1. Does anyone know the approximate value of this stove? I found one on an auction site for estimated $300-$500 in working condition.
2. Where can I find a new or a used door or have the hinge repaired?
3 I read about the light-bulb test to look for cracks and leaks in the seams but I think it needs a door gasket and a better latch...and of course a new or repaired door before I can do the light test. Will a gasket set for the Jotul 118 work for this stove? I can buy that from the Woodsman Parts Plus people for $36.
4. Were these stoves originally painted? Or were they just cast Iron? Mine was just lightly rusted, not scaling anywhere so I sprayed the outside with WD40 to protect it from the immediate elements out on my covered patio. I hope that was not a no-no?
5. Does anyone have an owners manual on this stove? Do you know what model number it is? There are no markings on the back. Only part numbers on individual parts (Ex: Door Part 3820)

Please let me know if you can help me answer any of these questions and if anyone knows where I can get a door for it. I really appreaciate and feed back I can get... Thanks, Jdave


----------



## webbie (May 12, 2011)

I think it is going to be tough to dig up a manual......

As to the gasket, this can usually be figured out by looking at the space to fill - the newer gaskets compress quite well. Chances are that a 5/16 or something like that will work.

As to the value - well, with the broken door hinge it loses a lot....but that can be fixed, so I'd say the best value for this thing is to USE IT....the auction value, all fixed up, is somewhere in the ball park - say, anywhere from $200 to $350.....

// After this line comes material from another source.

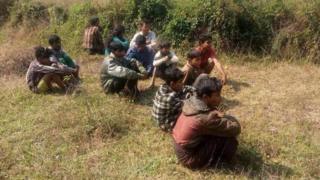 ကျောက်တော်ကနေ ရန်ကုန်ကိုသွားကြမယ့် မွတ်ဆလင် ၁၂ ဦးကို ရန်ကုန်-မန္တလေး အမြန်လမ်းမှာ ဖမ်းမိခဲ့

It probably sold for $400 brand new - maybe less.

High temp stove paint was probably used - that would work well to restore and protect it. 

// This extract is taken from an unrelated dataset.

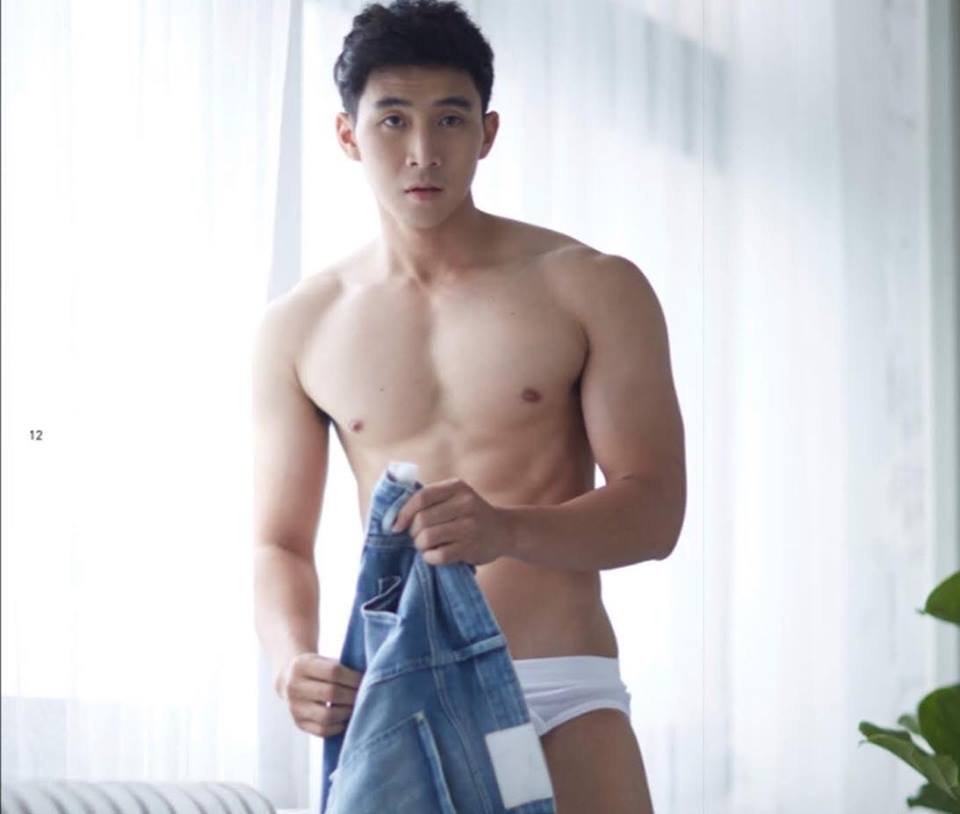 หนุ่มหล่อขึ้นปก 67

As far as the model, I remember there being only one size of this cast-iron model....with that name. So that is probably good enough.


----------



## jimbom (May 12, 2011)

Atlanta Stove Works information is hard to find.  Something about this stove you have....Seems like I saw one like this on Craigslist in St Louis recently and looked up a parts diagram.  I want to say Sears/Kenmore, but tried that right now.  No luck.  I know I saw something, but can not put my finger on it right now.  

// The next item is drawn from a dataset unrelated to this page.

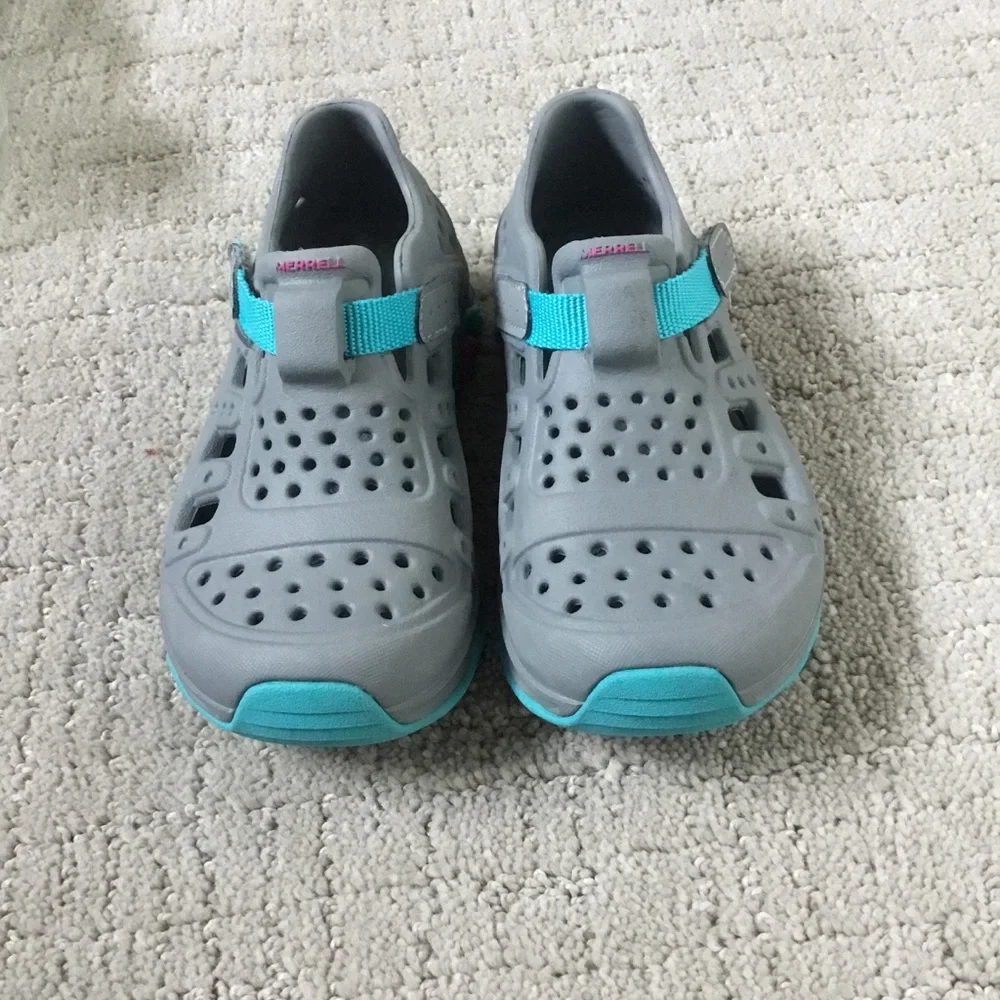 Merrell Kids Grey and Teal Water Shoes Slip-On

The one I saw did not have a broken hinge but the picture of the insides showed no burn plates.  So I was looking to see if burn plates were part of the original design.  I stopped looking at the Craigslist stove for some reason.  A reason that escapes me.  I have forgot more stuff that I never knew or something like that.

If I remember I will post.


----------



## jdavemiles (May 12, 2011)

Thanks JimboM & Craig. My Woodsman has both side burn plates intact and good condition and a top baffle with two oval holes into the top box to where the pipe exits from the back. This thing is in really good condition... Except for the door. Keep the comments coming!


----------



## Bud liska (May 16, 2012)

I tried to upload a PDF file of the Woodman manual but got an error message.  If you would like a copy, e-mail me at jumpriver@nconnect.net


----------



## webbie (May 16, 2012)

Bud liska said:


> I tried to upload a PDF file of the Woodman manual but got an error message. If you would like a copy, e-mail me at jumpriver@nconnect.net


 
If you email it to me cissod@gmail.com, I will upload it in our wiki or here....


----------



## webbie (May 16, 2012)

Here is a smaller file size copy of the manual - should be still readable, but small enough that it let me upload it.
Thanks, Bud!


----------